La senatrice Leone e Valentina Costanza sono state fotografate ripetutamente insieme, anche in occasione del matrimonio della seconda. Ed è dalla Costanza che la Leone può avere ricevuto i primi allarmi sulla gravità della situazione carceraria. Un mondo di cui in famiglia si parla spesso: Valentina ha una sorella maggiore, che si chiama Claudia, che con il sistema penitenziario ha avuto a che fare molto negli anni passati. Suo marito si chiama Enzo Salvatore Brusca, è nato cinquant'anni fa a San Giuseppe Iato ed è agli arresti dal 20 maggio 1996, quando dopo una lunga latitanza venne arrestato insieme a suo fratello Giovanni, capo mandamento di Cosa Nostra nel comune siciliano. Poco dopo l'arresto, Giovanni Brusca si pentì, rivelando tra l'altro di avere azionato il telecomando della strage di Capaci e di avere ordinato l'uccisione e lo scioglimento nell'acido del piccolo Santino Di Matteo. Tra gli esecutori materiali dell'ordine, Brusca indicò proprio suo fratello Enzo: il quale, seguendo il suo esempio, si pentì anche lui.

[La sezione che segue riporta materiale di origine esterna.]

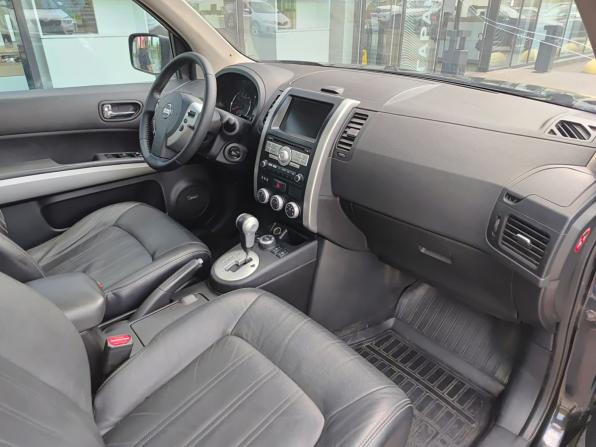 Nissan X-Trail II Рестайлинг с пробегом 2011 года, цена 1 080 000 рублей, 306128 км, внедорожник, Автокод Объявления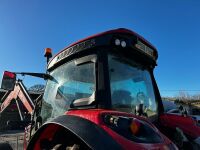 2018 MCCORMICK X6.420 PP 4WD TRACTOR - 41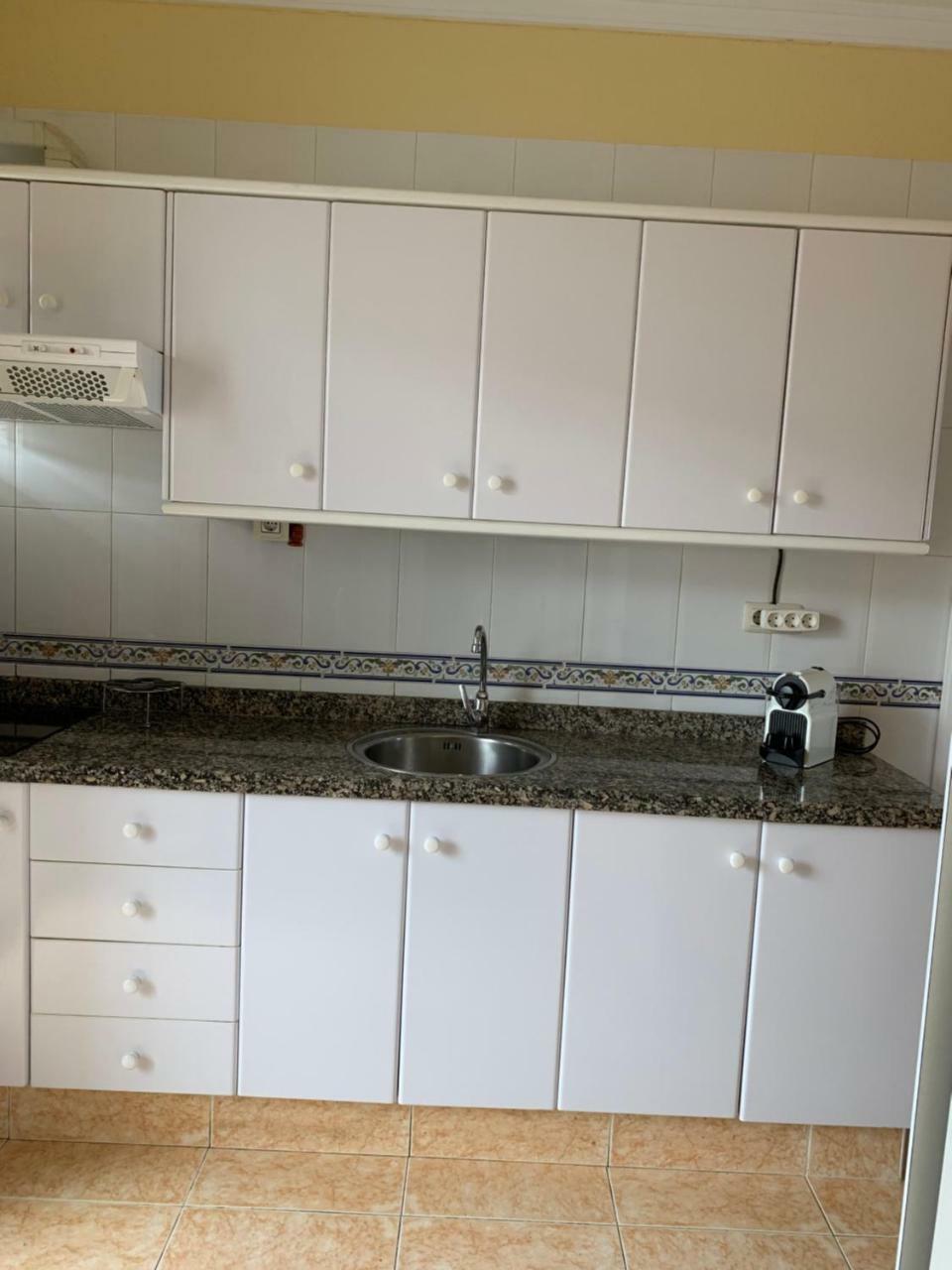 Appartement Dream Bahia à Santa-Cruz de Ténérife Extérieur photo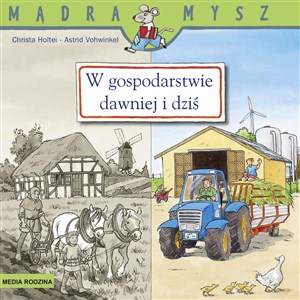 W gospodarstwie dawniej i dziś chicago polish bookstore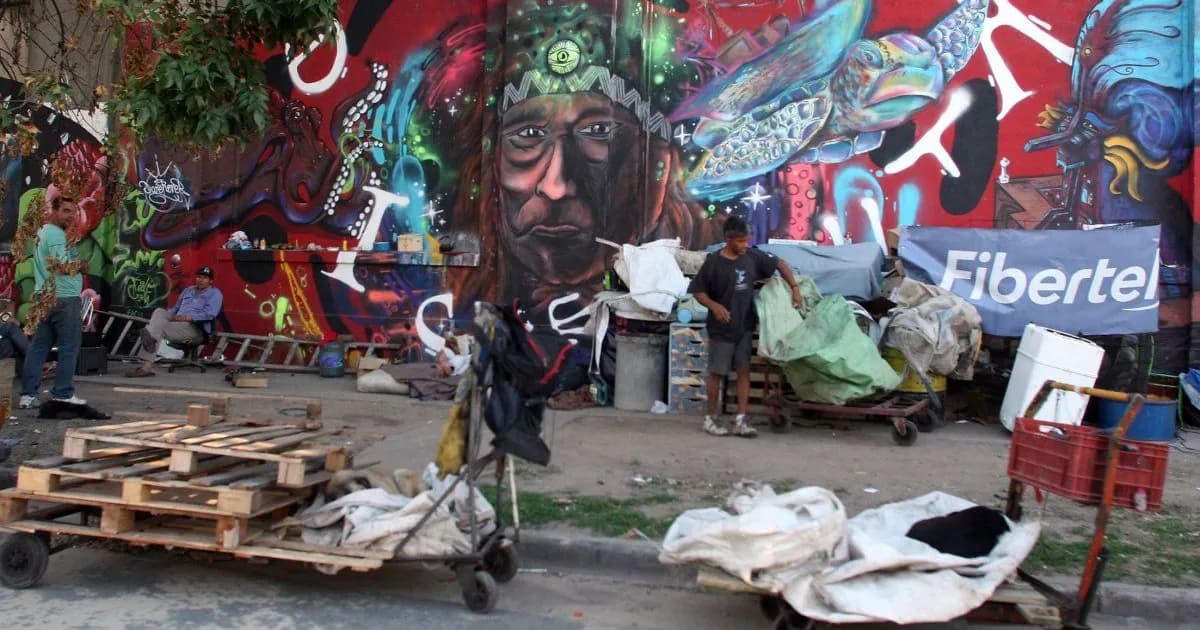 Análisis sobre la reducción de la pobreza en Argentina: ¿realidad o distorsión estadística?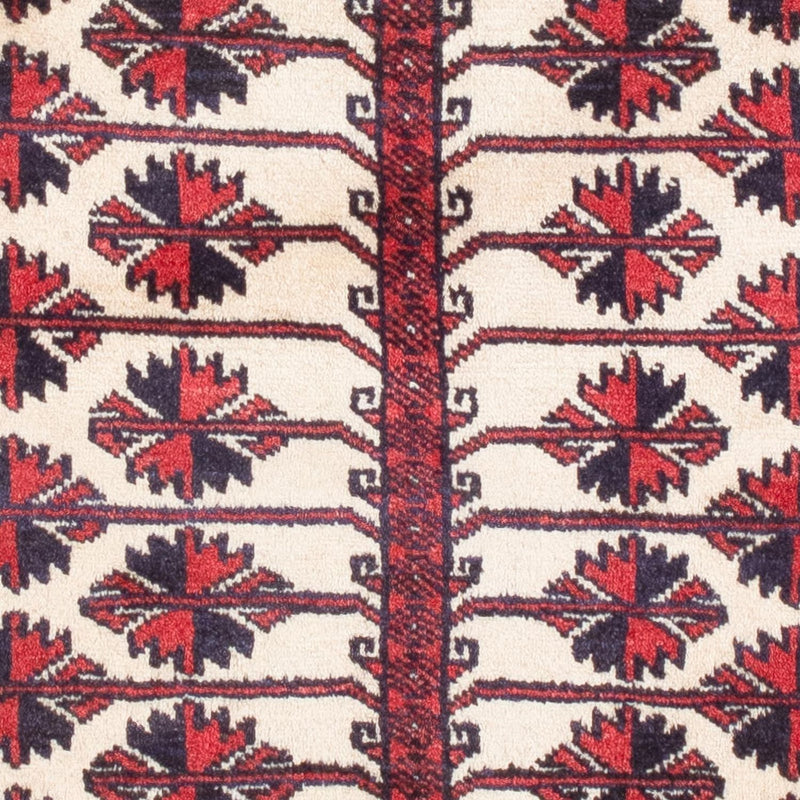 バルーチ絨毯 136x89cm - オリエンタル絨毯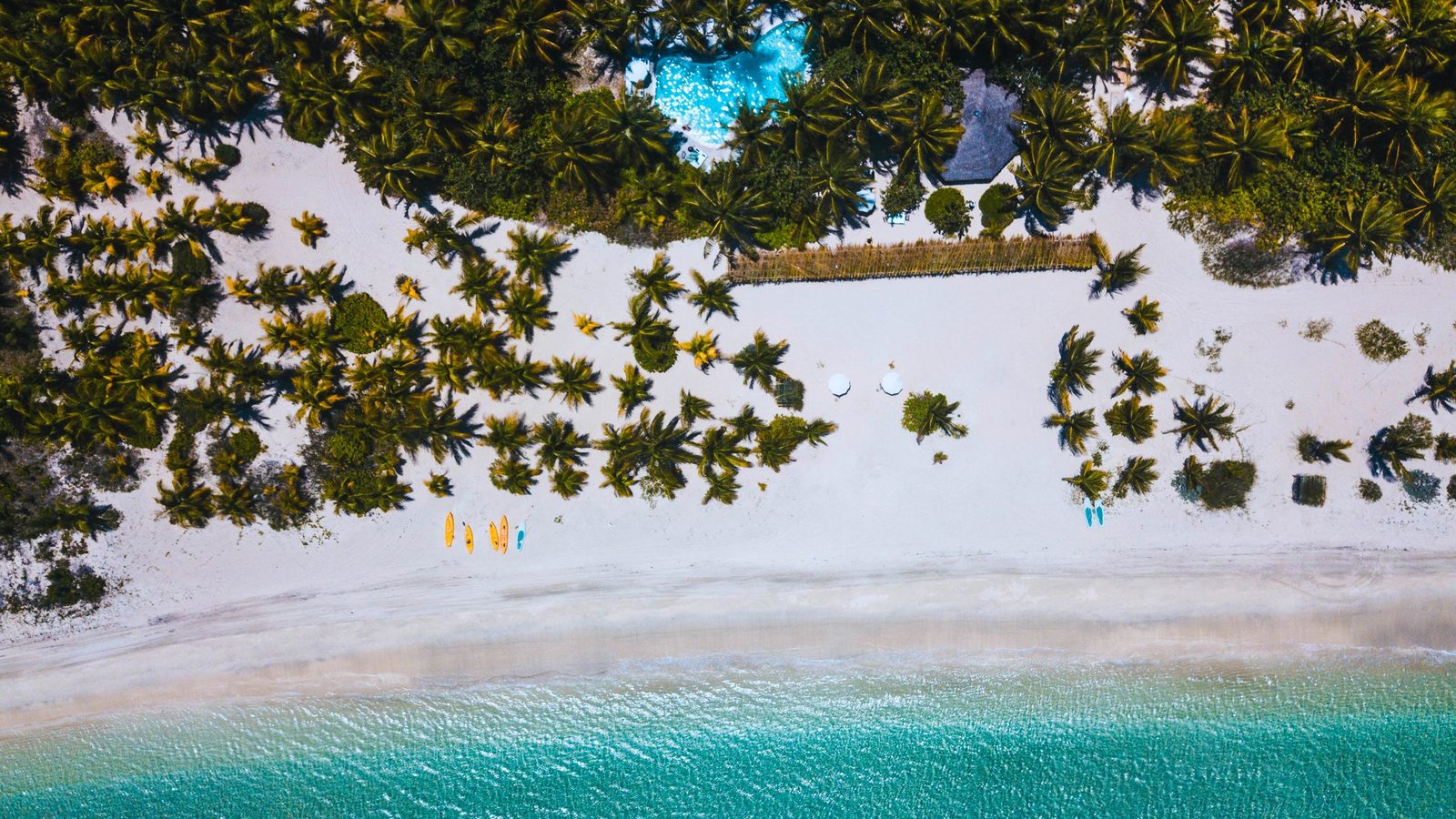 Kamalame Cay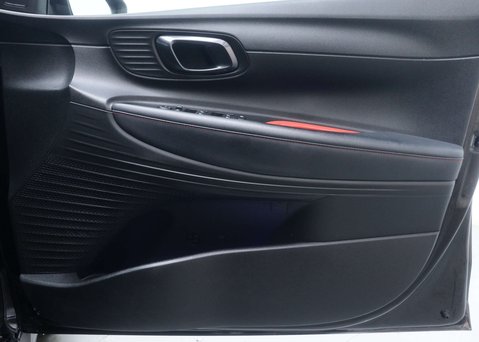 Hyundai i20 1.0 i20 N Line MHEV TGDi 5dr 45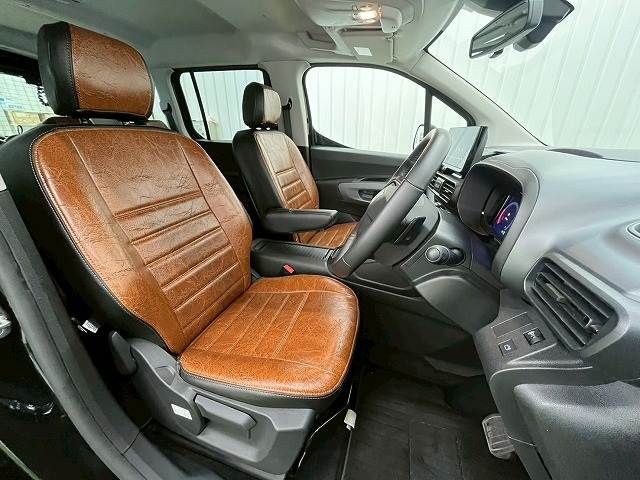 FIAT DOBLO 2025 Image 31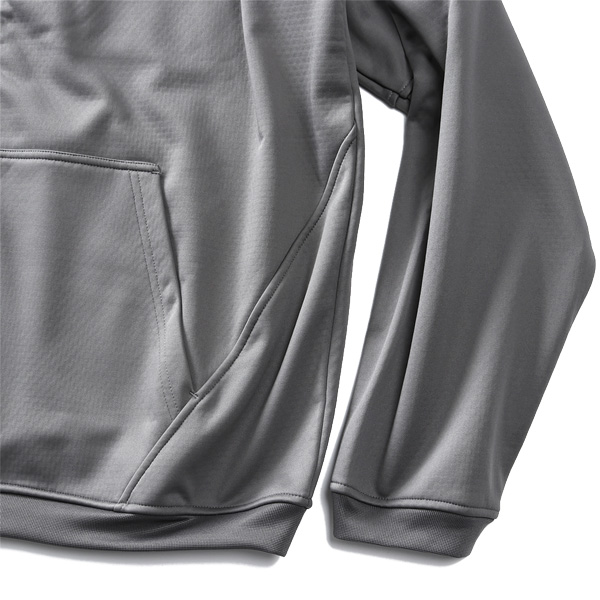 大きいサイズ メンズ LINKATION 防風 セットアップ 裏フリース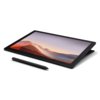 Microsoft Surface Pro 7 - i3 + 4 Go + 128 Go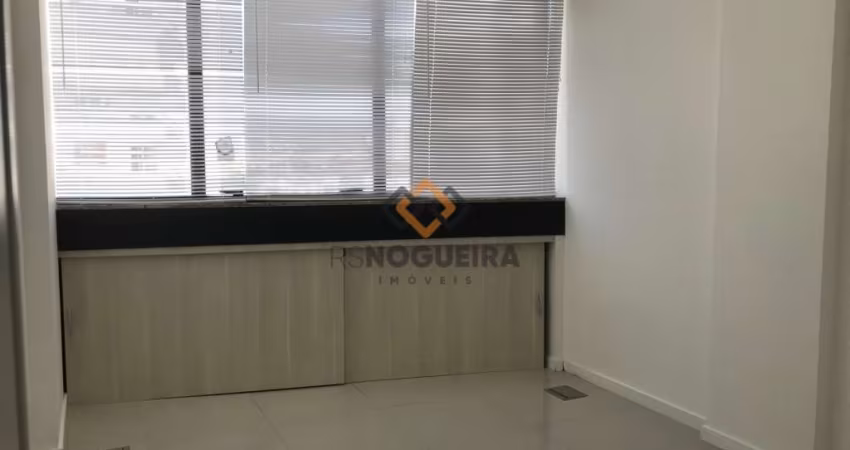 Sala Comercial em Estreito, Florianópolis/SC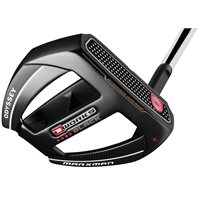 Odyssey O-Works Black LE Marxman S SuperStroke 2.0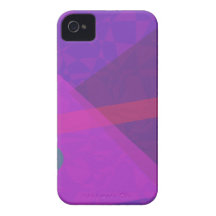 Apenas a tiempo iPhone 4 protector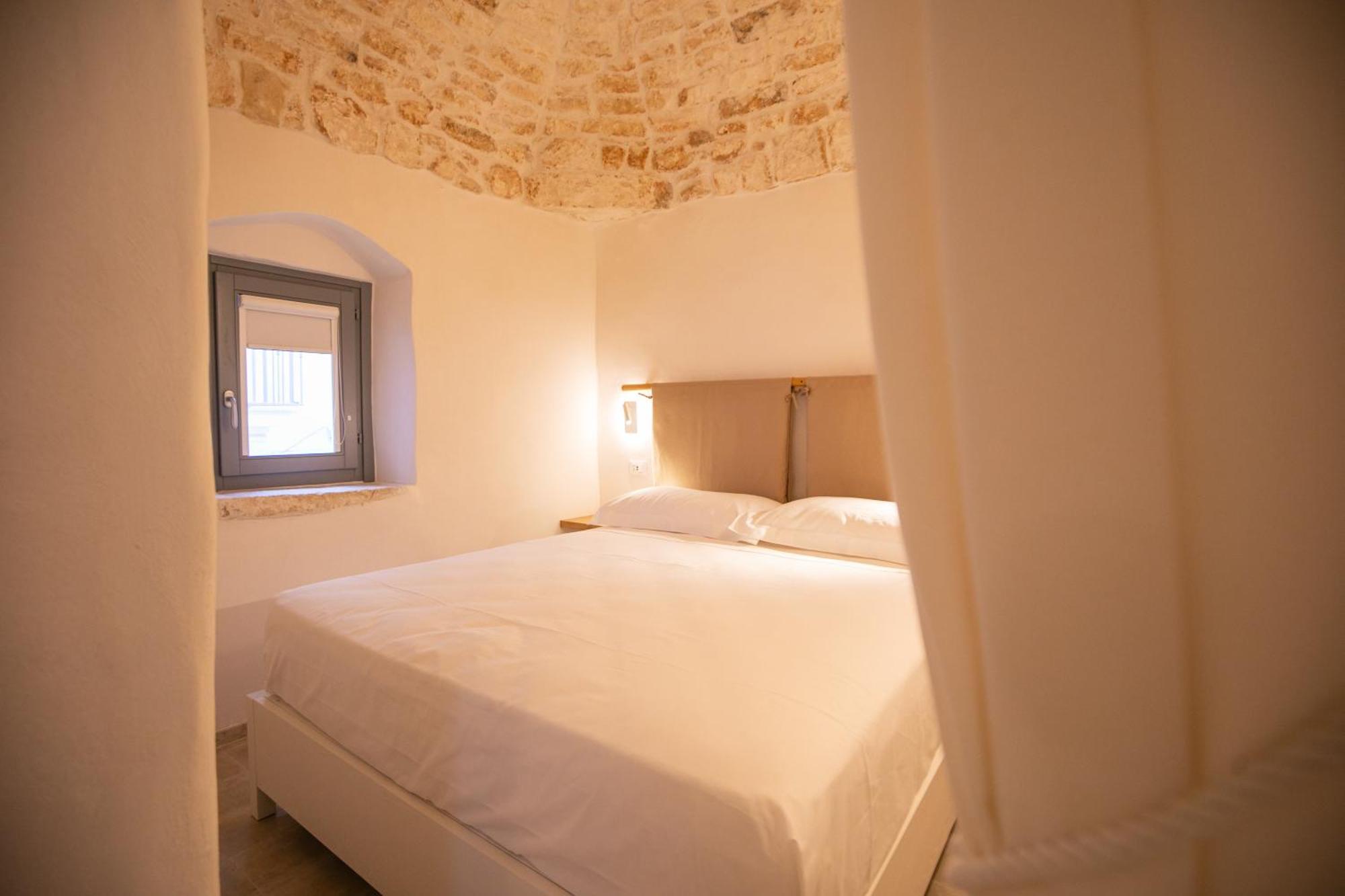 Casa Rina Villa Ostuni Kültér fotó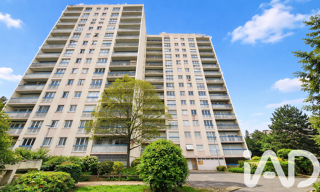 Appartement 3 Pièces 70 m² à vendre à Boissy-Saint-Léger (94470)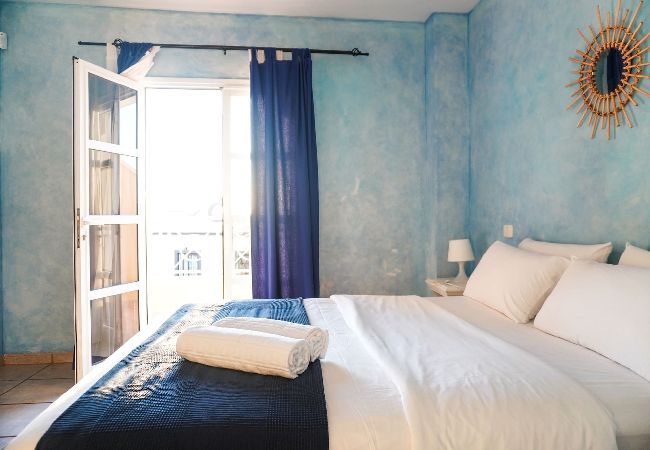 Apartment in Costa Adeje - Casa Juana, Adeje Apartment in Costa Adeje - Casa Juana, Adeje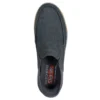 Skechers Slip-ins Relaxed Fit : Expected – Cayson Skechers Slip-ins Relaxed Fit : Expected – Cayson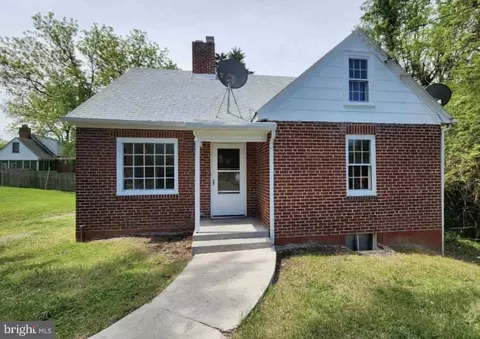 160 E Sioux Ln, Romney, WV 26757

Grazie alla collaborazione con quattro procure, Enzo Brusca ha evitato la condanna all'ergastolo, e dopo sette anni di carcere già nel 2003 ha ottenuto di lasciare la cella e

di scontare la pena (che dovrebbe finire tra cinque anni) in detenzione domiciliare. Ma sua cognata Valentina può avere ugualmente raccontato all'amica parlamentare molto della esperienza diretta con il «pianeta carcere».